The struggle for immigrant justice is of course a political one. But it is also cultural. It is about changing the way we think about immigrants, and the stories we tell. Despite being a nation founded on immigration from Europe and the genocide of native peoples, the dominant narrative today is of dangerous, unlawful, and above all “illegal” immigrants coming to take what is rightfully “ours.” We have moved from talking about “illegal immigration” to talking about “illegal immigrants” — a small but important shift in subject. In the process, the word “illegal” has become more than a judicial term; it has become a racial epithet, and shorthand for this dominant — and false — story.

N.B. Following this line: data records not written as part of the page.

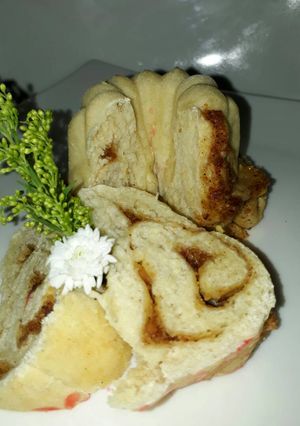 Una foto de POTICA (Pan Relleno de Mezcla Dulce de Canela y Frutos Secos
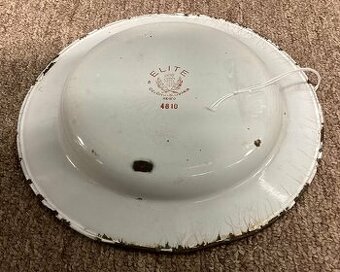 Starý talíř  a krabička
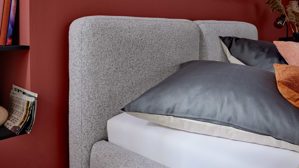 Bettgestell Interliving aus Stoff in Hellgrau Interliving Polsterbett Serie 1419 hellgrauer Stoffbezug Puente – Liegefläche ca. 180 x 200 cm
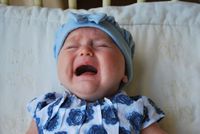 4. Haruskah bayi dibiarkan menangis sampai tertidur
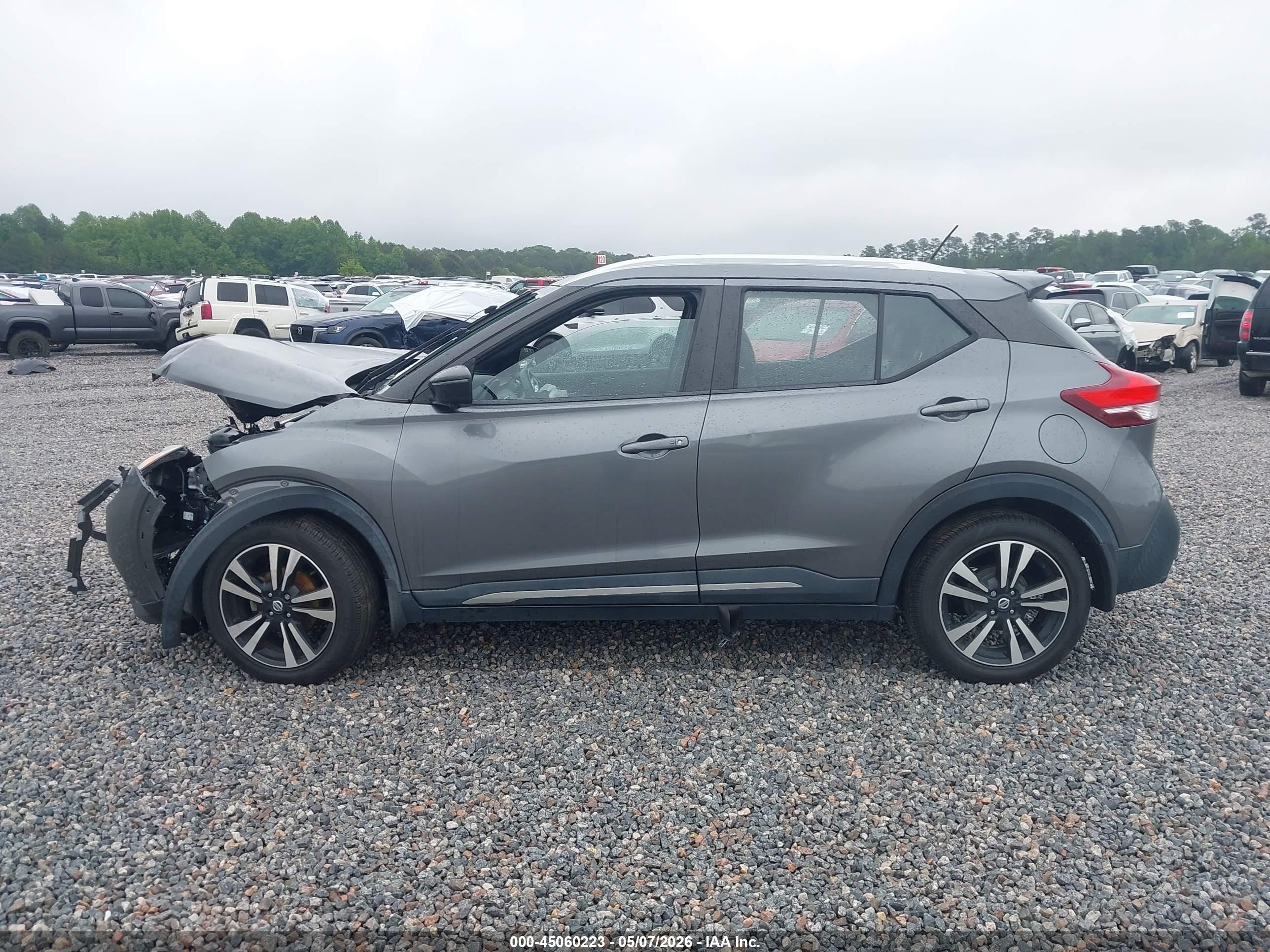 2019 Nissan Kicks Sr Серый vin: 3N1CP5CU9KL539424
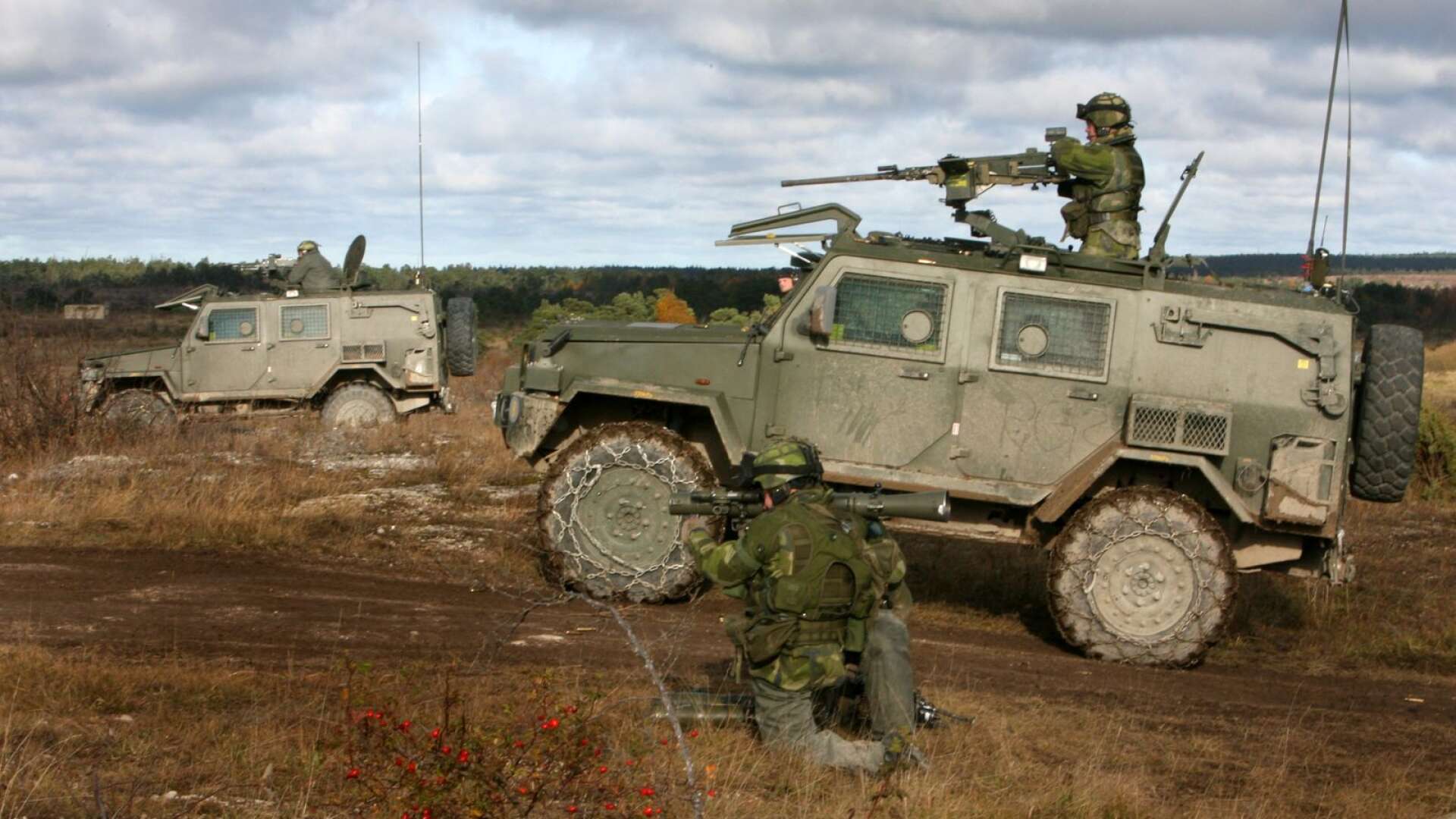 Försvaret övar på Tofta skjutfält på Gotland.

Mark Vallen’s Original 1988 Poster

But a counter-story has emerged, finding its most condensed form in the powerful slogan “No Human Being Is Illegal.” While I’m not sure where the phrase originally emerged, it seems to have been popularized by a particular piece of art. The poster, seen to the right, was used in 1988 as part of a campaign by the Central American Resource Center in LA, fighting for the rights of Central American war refugees. It features a stirring image by artist Mark Vallen. In 2010 the poster was republished, to support the current fight for immigrant rights.

The phrase has spread like wildfire, serving as a call for humanization across the world. It has spawned murals, t-shirts, posters, graffitti, and more.

Oakland Poster

Bronx Mural by DASIC

 

The most recent iteration of this struggle is the Drop the I-Word campaign. An effort that started with paint and posters is now taking advantage of social media and digital video. Launched by the Applied Research Center and its (excellent) website Colorlines, the Drop the I-Word campaign calls on media outlets, as well as other organizations and individuals, to pledge to stop using the term “illegal” to refer to people. As they state on their site:

Use of the i-word ignores the fact that our laws are unjustly applied. Immigrants without documents are regularly hired as cheap, exploited labor. No one else who benefits from the set up, including the employers who recruit and hire these migrants, is labeled this way. No one should ever be labeled this way. No human being is illegal.

So in honor of May Day, or just because it is a Thursday and it feels right, pledge to drop the i-word. Absolutely no human being is illegal.